Hugo: So one of the things that we do is you can use Namespace, like our building blocks, to do previews, an area that you'll be familiar with. And one of the things that we did was-- I was really annoyed that a lot of the solutions out of the box would kind of interrupt your connection at the startup.
So you boot up a new container somewhere and it's still starting and you try to open the URL and for a period of time it will fail because the thing that you're trying to access is not there yet. So that was something that annoyed me a lot. And we built our own Ingress layer that does buffering and it does kind of just in time routing as well, to any of the regions that we're running.

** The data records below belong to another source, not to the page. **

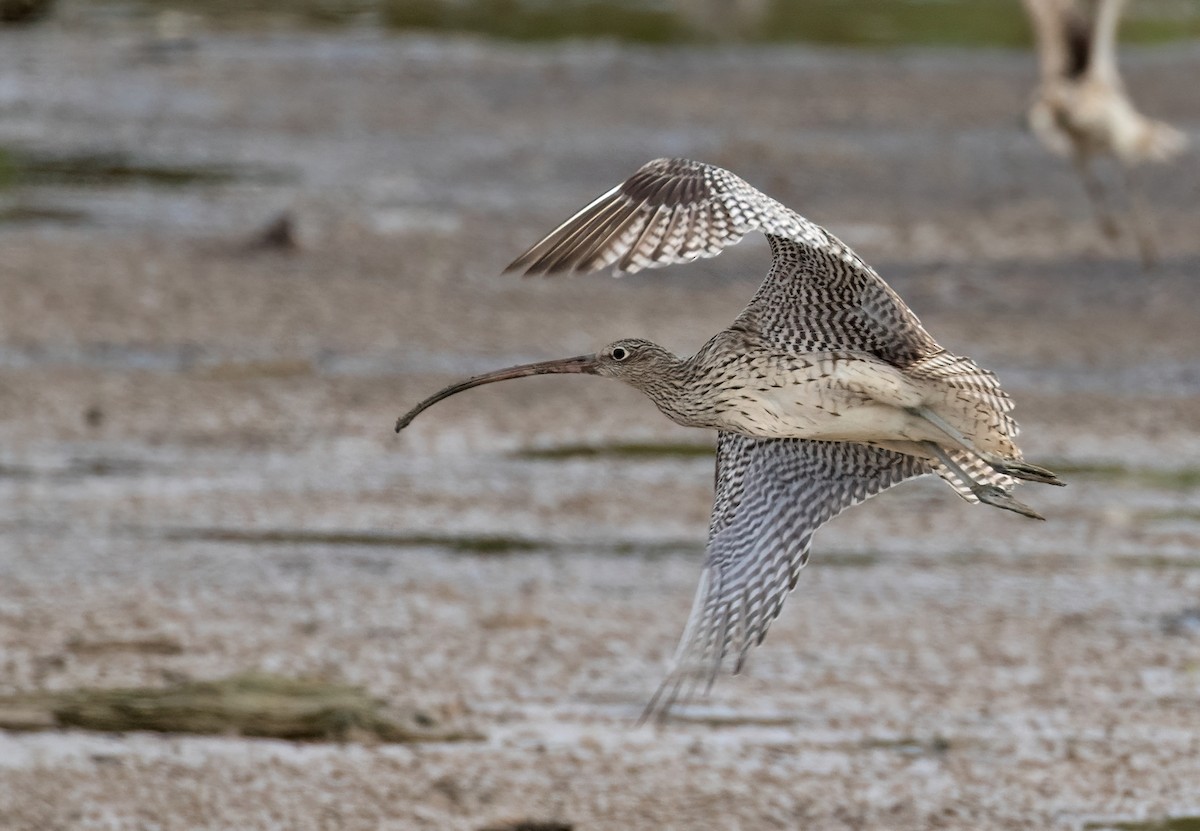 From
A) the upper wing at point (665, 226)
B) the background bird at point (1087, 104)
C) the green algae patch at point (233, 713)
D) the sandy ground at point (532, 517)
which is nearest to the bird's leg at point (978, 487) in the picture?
the upper wing at point (665, 226)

So you'd get a URL immediately. So that was also kind of very early on feature and you could have both kind of HTTP or GRPC or TCP kind of behind it and it would kind of understand if the thing was still booting, if it was not ready would kind of hold the connection.
So we focus a lot on the user experience. We want it to work the way that it should.
Benjie: Yeah, like seamless. So on the technical side though, you were talking about, that you were proxying stuff essentially, was this NGINX, Defork or do you write your own Go service?
Hugo: No, we built all of this ourselves.
Benjie: So these are like Go services that are like proxying traffic.
Hugo: Yeah, we are a big Go shop. So everything that we do today is in Go. So we have our own network fabric, including Ingress, but also Egress that is built in Go. It sees all the packets that come in.
Benjie: Is this sitting as like a sidecar in each one or is it DaemonAet? How does that work?
Hugo: Yeah, so our architecture-- We care a lot about high availability and we're deployed across many regions across the world. So we lean on a cell based architecture where there's kind of full kind of replicas that are homogeneous from an architecture perspective that get deployed to every single region and they mesh so they can talk with each other.
So you can enter any of our regions and reach any compute that is running in any of our regions. And that's done kind of transparently. But the ingress layer, it is separated on a data plane, a control plane. So the data plane never goes down. It's just kind of proxying things.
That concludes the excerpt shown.